- Born: February 2, 1961 Soweto, Johannesburg, South Africa
- Died: June 16, 1976 (aged 15) Soweto, Johannesburg, South Africa
- Resting place: Avalon Cemetery, Johannesburg
- Known for: First student killed in the Soweto Uprising

= Hastings Ndlovu =

South African high school student killed in the Soweto Uprising (1961–1976)

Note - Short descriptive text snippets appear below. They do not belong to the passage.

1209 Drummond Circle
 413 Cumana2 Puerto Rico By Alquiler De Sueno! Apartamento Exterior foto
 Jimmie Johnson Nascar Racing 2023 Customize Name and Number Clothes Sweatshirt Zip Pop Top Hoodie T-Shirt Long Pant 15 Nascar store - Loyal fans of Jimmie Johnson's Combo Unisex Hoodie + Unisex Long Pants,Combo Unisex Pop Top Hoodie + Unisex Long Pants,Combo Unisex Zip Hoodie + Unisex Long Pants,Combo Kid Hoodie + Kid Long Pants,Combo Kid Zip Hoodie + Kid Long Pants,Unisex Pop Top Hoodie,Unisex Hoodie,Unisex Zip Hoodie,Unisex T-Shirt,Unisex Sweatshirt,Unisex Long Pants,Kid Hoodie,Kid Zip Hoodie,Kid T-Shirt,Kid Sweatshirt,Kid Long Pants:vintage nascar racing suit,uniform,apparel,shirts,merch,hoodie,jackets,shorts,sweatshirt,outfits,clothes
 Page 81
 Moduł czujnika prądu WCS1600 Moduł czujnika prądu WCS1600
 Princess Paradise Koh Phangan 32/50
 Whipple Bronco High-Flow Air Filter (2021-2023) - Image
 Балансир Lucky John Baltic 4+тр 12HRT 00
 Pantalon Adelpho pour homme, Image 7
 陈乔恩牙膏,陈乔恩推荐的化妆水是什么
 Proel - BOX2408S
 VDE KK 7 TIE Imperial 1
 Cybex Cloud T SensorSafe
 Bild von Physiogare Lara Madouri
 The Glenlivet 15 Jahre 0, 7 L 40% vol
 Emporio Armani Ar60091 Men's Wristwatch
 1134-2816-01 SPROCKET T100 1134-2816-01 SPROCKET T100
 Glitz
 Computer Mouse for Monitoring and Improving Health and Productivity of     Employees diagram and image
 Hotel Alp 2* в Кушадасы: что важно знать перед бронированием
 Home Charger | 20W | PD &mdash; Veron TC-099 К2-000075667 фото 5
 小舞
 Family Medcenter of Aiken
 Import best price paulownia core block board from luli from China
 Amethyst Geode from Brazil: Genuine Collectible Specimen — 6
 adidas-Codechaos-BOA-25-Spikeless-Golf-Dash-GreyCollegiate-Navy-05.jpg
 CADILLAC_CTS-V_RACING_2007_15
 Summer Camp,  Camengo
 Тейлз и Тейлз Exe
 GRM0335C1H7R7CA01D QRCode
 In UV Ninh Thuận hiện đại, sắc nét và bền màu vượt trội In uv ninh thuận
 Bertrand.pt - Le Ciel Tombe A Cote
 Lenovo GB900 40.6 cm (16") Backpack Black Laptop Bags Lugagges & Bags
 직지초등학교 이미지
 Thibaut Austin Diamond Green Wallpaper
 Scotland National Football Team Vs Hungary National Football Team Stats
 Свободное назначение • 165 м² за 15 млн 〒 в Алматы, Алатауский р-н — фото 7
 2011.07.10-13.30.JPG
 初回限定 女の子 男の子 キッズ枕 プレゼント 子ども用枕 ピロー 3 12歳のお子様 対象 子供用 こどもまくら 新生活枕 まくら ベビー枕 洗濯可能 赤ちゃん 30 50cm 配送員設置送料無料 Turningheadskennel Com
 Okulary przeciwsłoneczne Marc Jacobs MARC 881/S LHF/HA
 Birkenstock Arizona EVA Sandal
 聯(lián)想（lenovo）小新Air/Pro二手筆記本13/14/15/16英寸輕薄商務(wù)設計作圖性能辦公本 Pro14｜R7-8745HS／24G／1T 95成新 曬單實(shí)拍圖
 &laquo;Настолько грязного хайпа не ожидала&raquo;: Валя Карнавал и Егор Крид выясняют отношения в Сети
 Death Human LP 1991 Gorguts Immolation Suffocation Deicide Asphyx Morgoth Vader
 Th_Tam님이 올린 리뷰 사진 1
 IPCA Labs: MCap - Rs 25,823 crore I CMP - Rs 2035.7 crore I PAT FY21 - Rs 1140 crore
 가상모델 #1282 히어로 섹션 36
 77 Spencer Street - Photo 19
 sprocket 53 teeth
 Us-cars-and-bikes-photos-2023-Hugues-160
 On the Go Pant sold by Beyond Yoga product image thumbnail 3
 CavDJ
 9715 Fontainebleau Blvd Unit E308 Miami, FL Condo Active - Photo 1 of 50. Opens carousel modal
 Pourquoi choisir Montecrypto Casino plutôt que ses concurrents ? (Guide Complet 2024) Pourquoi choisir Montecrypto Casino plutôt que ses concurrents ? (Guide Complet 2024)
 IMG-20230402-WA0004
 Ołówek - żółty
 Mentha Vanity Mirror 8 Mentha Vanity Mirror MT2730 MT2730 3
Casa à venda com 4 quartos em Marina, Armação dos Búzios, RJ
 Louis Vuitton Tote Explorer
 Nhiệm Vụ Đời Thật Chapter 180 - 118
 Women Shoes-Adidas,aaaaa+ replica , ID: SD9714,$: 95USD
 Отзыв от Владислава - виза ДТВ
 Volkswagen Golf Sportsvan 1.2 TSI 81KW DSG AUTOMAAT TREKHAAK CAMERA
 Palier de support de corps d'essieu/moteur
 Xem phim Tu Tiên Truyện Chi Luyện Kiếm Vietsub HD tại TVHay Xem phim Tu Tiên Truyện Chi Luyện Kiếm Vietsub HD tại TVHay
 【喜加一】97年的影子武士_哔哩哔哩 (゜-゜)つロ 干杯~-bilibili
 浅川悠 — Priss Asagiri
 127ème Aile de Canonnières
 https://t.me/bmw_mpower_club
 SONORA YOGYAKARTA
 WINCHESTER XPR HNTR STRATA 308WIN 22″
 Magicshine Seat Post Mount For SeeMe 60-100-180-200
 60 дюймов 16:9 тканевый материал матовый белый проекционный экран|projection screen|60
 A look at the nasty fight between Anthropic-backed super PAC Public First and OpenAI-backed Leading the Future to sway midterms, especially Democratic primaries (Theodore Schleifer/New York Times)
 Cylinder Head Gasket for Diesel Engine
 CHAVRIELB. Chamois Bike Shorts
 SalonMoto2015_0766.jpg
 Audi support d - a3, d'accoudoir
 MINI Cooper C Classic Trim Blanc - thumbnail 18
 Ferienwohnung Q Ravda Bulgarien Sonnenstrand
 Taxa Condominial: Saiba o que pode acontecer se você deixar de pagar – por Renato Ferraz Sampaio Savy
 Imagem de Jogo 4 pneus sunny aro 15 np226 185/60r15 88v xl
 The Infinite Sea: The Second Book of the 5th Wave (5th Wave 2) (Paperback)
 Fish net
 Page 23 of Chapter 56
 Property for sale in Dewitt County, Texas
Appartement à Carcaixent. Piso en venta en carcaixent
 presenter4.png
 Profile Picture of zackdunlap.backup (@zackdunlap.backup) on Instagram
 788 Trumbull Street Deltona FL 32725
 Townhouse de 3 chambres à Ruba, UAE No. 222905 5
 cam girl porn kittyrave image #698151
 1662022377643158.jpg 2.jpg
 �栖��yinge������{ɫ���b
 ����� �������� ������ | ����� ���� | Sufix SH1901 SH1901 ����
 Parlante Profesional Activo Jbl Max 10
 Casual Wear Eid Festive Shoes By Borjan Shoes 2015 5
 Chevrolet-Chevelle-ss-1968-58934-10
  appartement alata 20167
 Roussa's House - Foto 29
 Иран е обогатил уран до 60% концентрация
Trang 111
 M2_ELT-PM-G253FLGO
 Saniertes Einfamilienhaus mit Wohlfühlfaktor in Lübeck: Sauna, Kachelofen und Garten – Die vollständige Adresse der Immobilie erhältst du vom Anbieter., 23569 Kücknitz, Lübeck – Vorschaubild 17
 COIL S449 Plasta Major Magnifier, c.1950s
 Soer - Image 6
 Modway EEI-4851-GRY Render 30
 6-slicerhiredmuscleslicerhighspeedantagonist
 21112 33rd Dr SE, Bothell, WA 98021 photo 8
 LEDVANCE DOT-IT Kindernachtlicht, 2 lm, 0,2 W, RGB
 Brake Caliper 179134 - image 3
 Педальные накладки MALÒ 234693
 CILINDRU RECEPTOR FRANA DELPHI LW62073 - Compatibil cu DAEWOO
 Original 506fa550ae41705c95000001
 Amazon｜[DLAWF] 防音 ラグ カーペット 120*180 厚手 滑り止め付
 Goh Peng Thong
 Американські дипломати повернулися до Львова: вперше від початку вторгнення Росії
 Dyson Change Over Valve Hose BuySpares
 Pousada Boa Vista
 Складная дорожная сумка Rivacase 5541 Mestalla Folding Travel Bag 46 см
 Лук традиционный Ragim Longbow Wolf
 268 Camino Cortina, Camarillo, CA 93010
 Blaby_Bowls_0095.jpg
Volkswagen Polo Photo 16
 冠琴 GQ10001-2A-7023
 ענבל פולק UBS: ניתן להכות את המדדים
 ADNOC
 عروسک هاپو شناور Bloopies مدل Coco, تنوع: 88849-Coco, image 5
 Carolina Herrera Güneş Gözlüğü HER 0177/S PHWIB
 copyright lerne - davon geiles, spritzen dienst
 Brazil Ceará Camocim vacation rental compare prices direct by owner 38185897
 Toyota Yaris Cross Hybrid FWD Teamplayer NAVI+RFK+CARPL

Hastings Ndlovu (2 February 1961 – 16 June 1976) was a South African high school student who was killed by the police in the Soweto uprising against the apartheid system in South Africa.

==Death==
Ndlovu was the first child killed on 16 June 1976 during the Soweto uprising and massacre when Orlando police opened fire on students protesting against the imposition of Afrikaans instruction in their school. His death was not as widely publicised as Hector Pieterson's because no photographer was present to record it. Police commander Colonel Kleingeld said at the Cillié Commission that Ndlovu "was inciting the crowd".

Ndlovu had three sisters and a brother. His sisters left the country soon after 16 June, but returned to Johannesburg a few years later.

==Legacy==
Ndlovu was buried with Pieterson at Avalon Cemetery in Johannesburg. His house in Soweto had a blue plaque attached to it on 16 June 2012 to commemorate his death.